# [Work instructions]
Since only the text is wanted, print every entry below exactly and omit the images.
Data records Start Marker
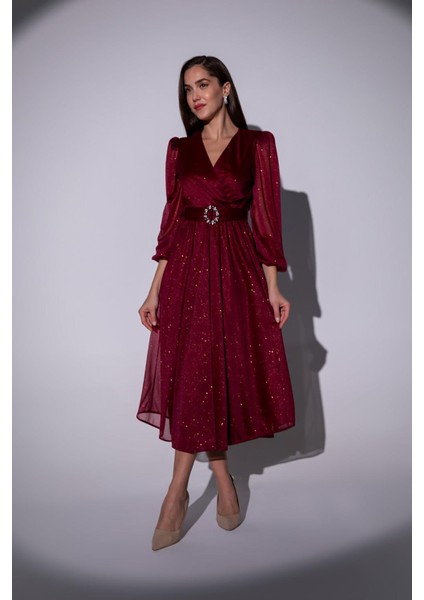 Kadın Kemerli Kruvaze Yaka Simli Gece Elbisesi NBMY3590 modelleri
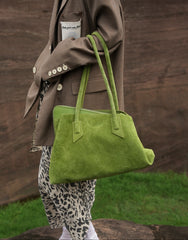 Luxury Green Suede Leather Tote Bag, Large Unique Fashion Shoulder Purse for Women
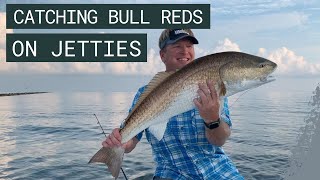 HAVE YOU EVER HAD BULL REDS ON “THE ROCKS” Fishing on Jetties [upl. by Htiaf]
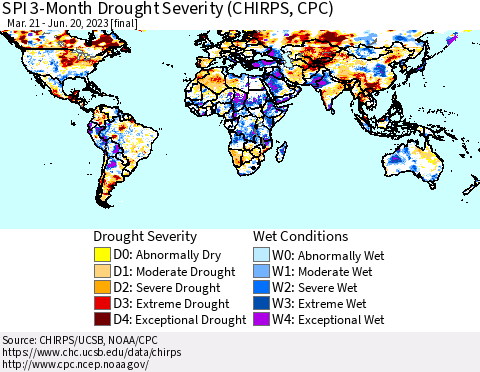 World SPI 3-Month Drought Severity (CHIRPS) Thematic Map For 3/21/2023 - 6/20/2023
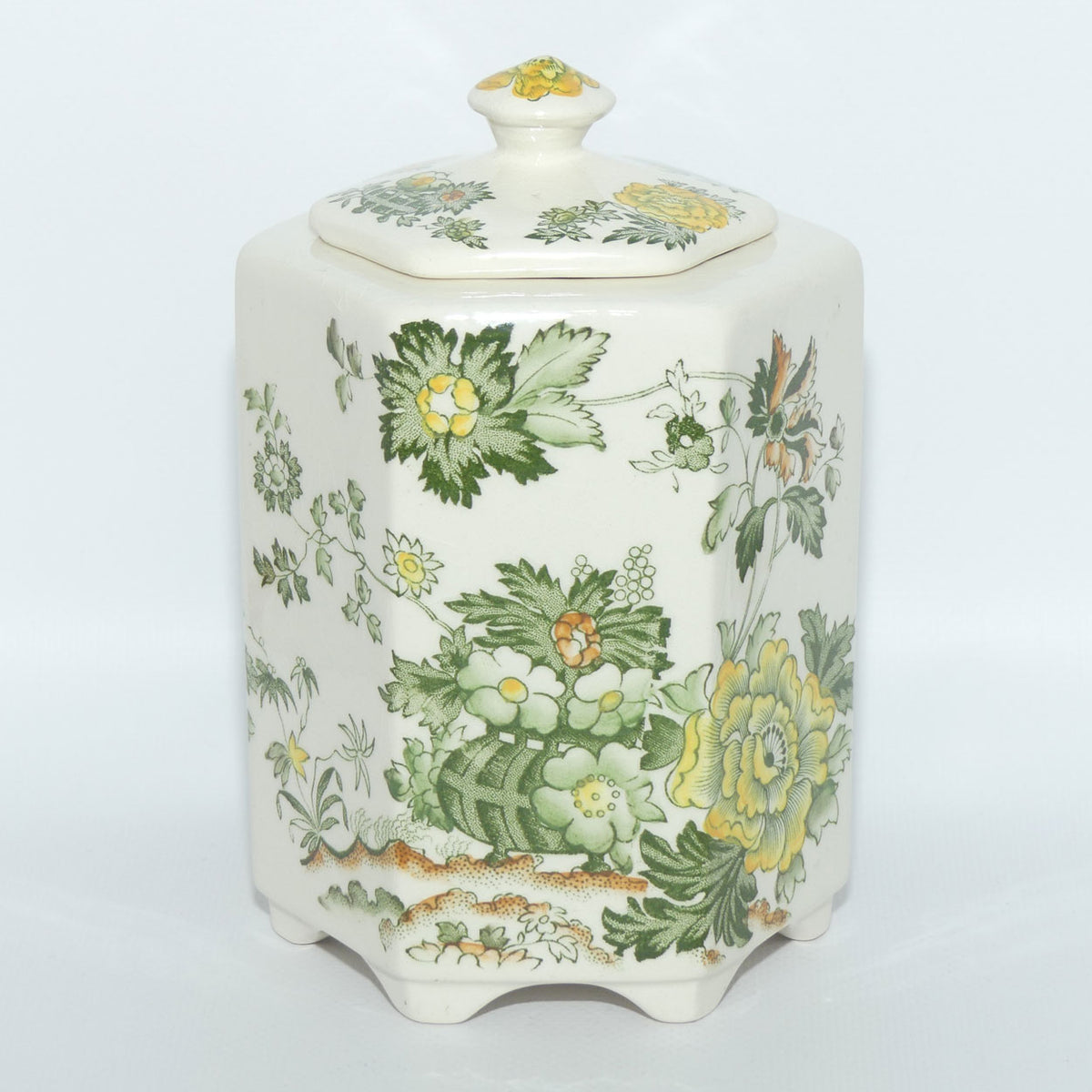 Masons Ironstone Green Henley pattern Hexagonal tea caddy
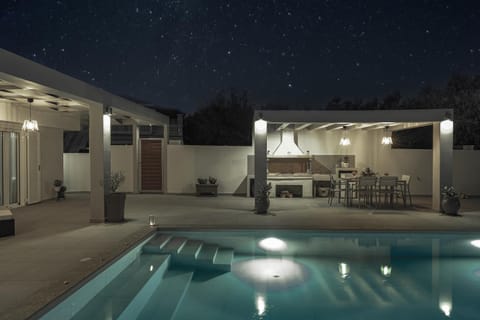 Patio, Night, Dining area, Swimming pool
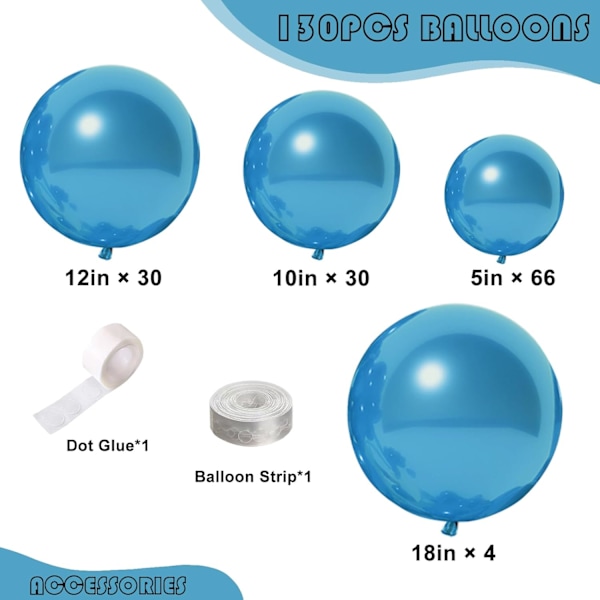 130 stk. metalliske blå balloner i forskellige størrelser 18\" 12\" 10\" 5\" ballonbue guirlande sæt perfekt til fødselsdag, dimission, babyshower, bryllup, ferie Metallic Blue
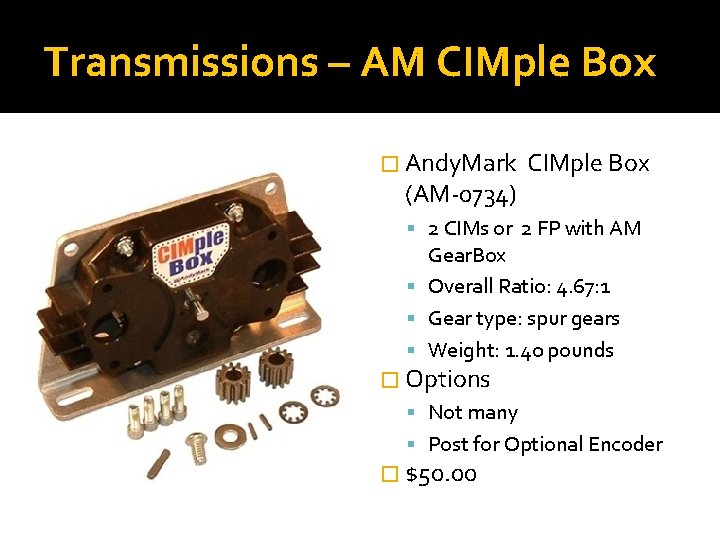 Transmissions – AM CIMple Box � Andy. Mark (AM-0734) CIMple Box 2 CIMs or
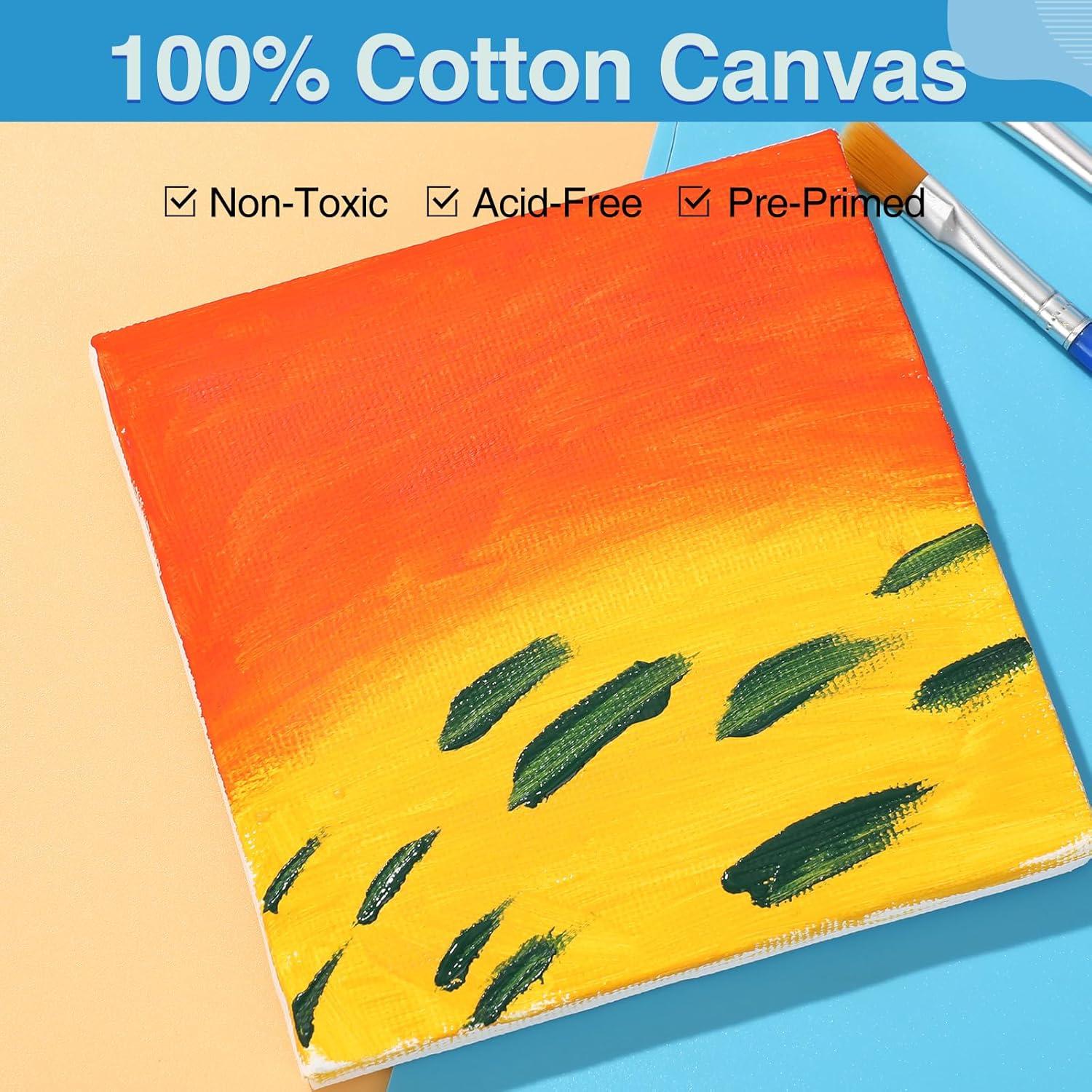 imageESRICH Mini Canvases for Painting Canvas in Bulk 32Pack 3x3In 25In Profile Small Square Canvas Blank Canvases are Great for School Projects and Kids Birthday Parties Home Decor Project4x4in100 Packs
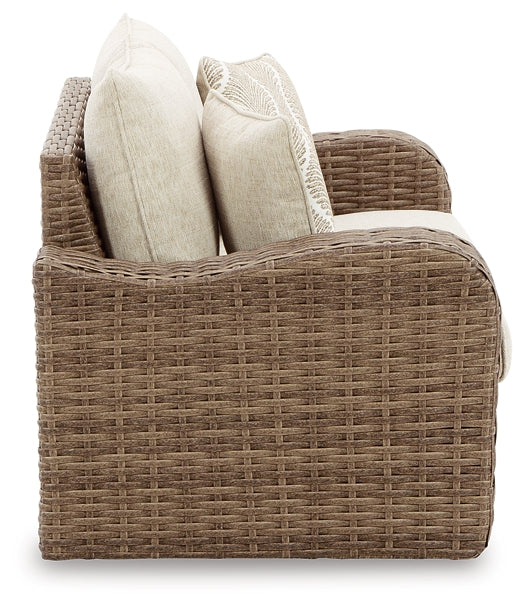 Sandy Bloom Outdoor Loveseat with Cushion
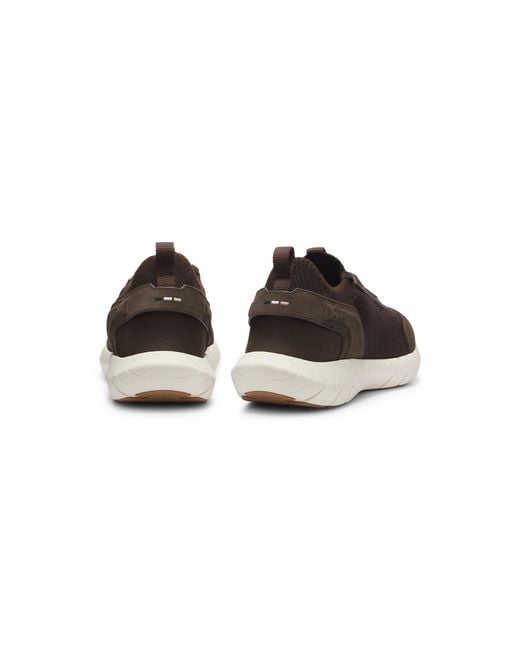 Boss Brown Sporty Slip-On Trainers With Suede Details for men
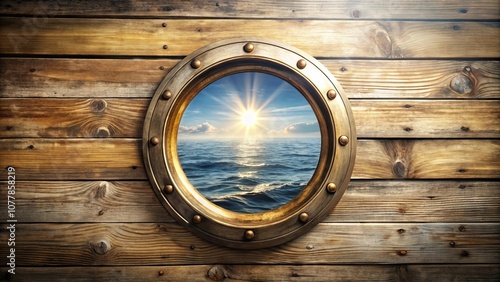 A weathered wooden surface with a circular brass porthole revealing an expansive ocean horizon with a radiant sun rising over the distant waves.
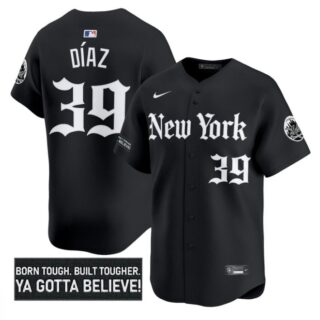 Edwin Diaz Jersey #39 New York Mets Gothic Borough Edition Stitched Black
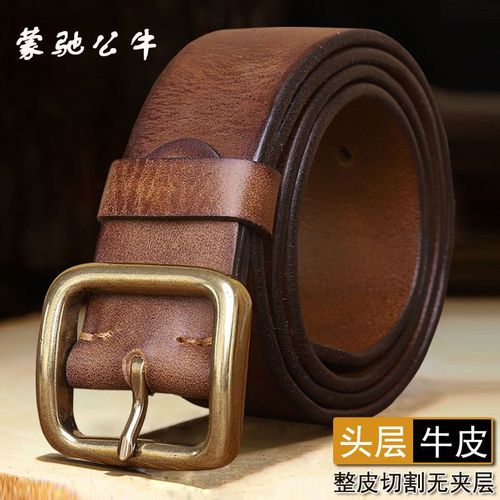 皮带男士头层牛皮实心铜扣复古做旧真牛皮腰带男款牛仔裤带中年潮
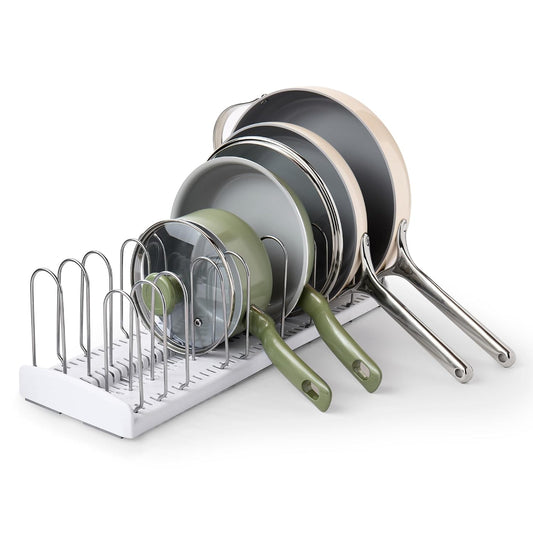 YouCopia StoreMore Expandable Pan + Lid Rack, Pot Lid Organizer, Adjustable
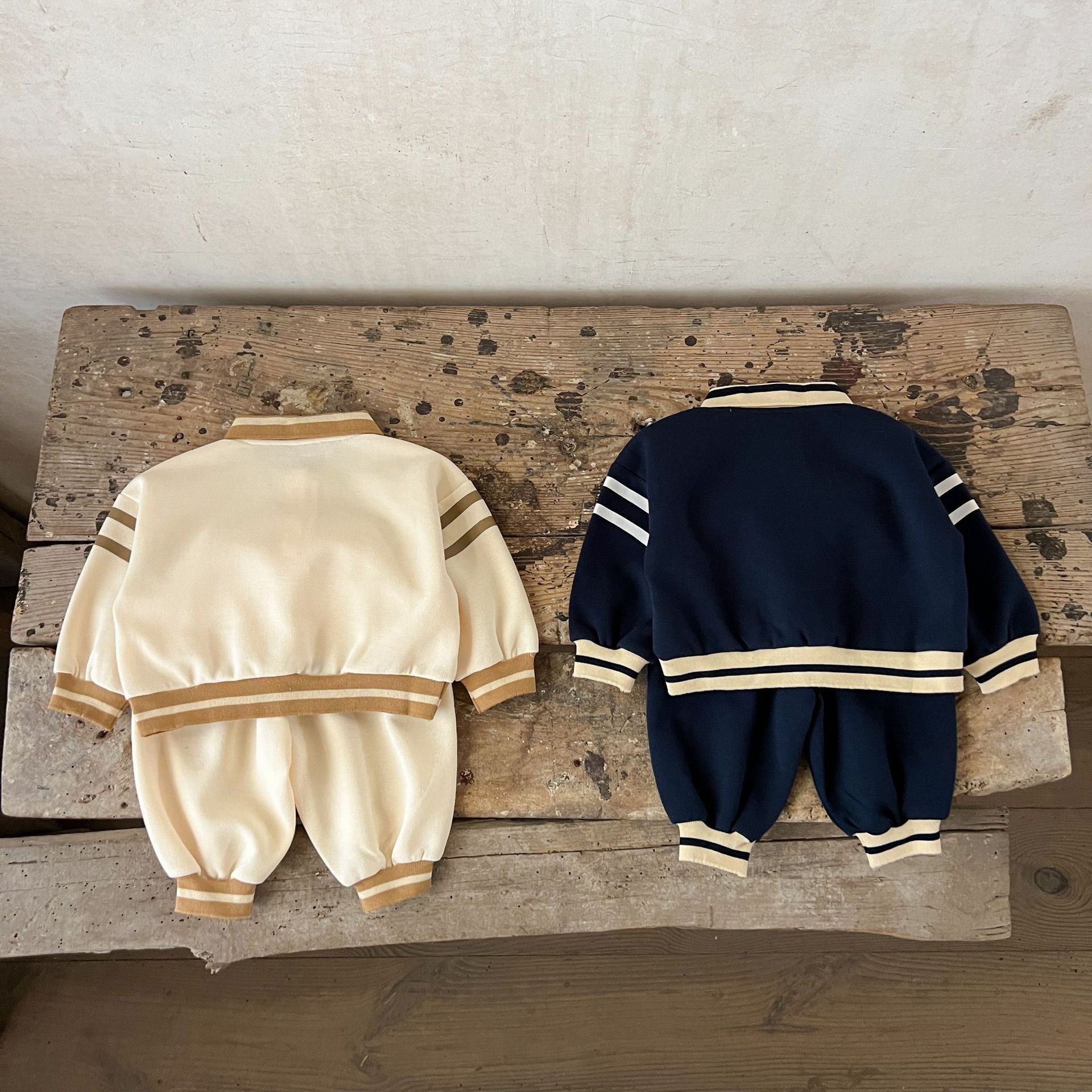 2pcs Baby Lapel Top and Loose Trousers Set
Data records End Marker
# [Your response]
 Kadın Kemerli Kruvaze Yaka Simli Gece Elbisesi NBMY3590 modelleri
 Luxury Green Suede Leather Tote Bag, Large Unique Fashion Shoulder Purse for Women
 HAVE YOU EVER HAD BULL REDS ON “THE ROCKS” Fishing on Jetties [upl. by Htiaf]
 World SPI 3-Month Drought Severity (CHIRPS) Thematic Map For 3/21/2023 - 6/20/2023
 Masons Ironstone Green Henley pattern Hexagonal tea caddy
 Patio, Night, Dining area, Swimming pool
 130 stk. metalliske blå balloner i forskellige størrelser 18\" 12\" 10\" 5\" ballonbue guirlande sæt perfekt til fødselsdag, dimission, babyshower, bryllup, ferie Metallic Blue
 Transmissions – AM CIMple Box � Andy. Mark (AM-0734) CIMple Box 2 CIMs or
 imageESRICH Mini Canvases for Painting Canvas in Bulk 32Pack 3x3In 25In Profile Small Square Canvas Blank Canvases are Great for School Projects and Kids Birthday Parties Home Decor Project4x4in100 Packs
 Sandy Bloom Outdoor Loveseat with Cushion
 Boss Brown Sporty Slip-On Trainers With Suede Details for men
 A weathered wooden surface with a circular brass porthole revealing an expansive ocean horizon with a radiant sun rising over the distant waves.
 Edwin Diaz Jersey #39 New York Mets Gothic Borough Edition Stitched Black
 皮带男士头层牛皮实心铜扣复古做旧真牛皮腰带男款牛仔裤带中年潮
 YouCopia StoreMore Expandable Pan + Lid Rack, Pot Lid Organizer, Adjustable
 2pcs Baby Lapel Top and Loose Trousers Set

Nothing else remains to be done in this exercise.